Entries taken from a collection
_ _ _ _ _ _ _
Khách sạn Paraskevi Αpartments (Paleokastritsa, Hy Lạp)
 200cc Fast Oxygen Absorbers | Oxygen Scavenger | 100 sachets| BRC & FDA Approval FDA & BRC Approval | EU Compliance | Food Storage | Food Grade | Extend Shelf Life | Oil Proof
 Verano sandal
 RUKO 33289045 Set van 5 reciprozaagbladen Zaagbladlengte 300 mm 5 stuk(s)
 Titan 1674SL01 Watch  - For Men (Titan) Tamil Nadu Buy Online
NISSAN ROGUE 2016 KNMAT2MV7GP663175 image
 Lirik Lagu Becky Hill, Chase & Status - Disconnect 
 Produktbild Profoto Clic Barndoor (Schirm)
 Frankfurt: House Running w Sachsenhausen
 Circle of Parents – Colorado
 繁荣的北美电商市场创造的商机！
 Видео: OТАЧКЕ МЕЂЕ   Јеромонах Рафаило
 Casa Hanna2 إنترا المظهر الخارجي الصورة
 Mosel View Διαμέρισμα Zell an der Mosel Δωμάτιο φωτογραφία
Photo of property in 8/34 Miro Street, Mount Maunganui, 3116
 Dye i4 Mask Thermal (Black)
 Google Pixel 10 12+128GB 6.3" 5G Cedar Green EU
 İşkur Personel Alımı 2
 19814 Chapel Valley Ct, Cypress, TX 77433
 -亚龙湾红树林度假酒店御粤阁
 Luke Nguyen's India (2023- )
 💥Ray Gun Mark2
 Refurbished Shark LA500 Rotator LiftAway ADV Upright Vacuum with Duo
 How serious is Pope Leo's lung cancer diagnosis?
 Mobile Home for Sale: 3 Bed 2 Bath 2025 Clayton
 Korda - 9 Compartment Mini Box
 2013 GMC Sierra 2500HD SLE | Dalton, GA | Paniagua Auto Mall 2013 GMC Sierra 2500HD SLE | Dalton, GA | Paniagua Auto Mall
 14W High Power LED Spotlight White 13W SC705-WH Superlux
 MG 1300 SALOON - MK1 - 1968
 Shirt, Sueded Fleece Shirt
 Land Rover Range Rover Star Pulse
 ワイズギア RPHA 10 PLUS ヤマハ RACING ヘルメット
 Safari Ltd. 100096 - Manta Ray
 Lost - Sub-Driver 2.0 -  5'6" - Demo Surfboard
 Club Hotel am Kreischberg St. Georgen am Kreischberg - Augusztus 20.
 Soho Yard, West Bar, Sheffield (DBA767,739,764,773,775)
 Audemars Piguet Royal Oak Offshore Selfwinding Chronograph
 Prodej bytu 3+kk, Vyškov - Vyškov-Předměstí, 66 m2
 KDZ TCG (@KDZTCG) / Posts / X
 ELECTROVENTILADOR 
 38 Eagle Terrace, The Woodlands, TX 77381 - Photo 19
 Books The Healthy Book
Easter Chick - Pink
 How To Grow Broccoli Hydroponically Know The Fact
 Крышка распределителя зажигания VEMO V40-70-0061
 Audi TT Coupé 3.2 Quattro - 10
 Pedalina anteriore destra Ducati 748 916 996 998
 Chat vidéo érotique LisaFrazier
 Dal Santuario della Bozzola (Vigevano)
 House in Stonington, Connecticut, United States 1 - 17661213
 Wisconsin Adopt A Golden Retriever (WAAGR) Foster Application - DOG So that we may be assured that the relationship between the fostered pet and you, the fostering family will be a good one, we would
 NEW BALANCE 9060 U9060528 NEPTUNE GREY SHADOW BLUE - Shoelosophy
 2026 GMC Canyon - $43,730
_ _ _ _ _ _ _
## Work request:
Beginning at the top of the entries above, output each line exactly, and end with the line in which "Verano sandal" appears.

## Exercise answer:
Khách sạn Paraskevi Αpartments (Paleokastritsa, Hy Lạp)
 200cc Fast Oxygen Absorbers | Oxygen Scavenger | 100 sachets| BRC & FDA Approval FDA & BRC Approval | EU Compliance | Food Storage | Food Grade | Extend Shelf Life | Oil Proof
 Verano sandal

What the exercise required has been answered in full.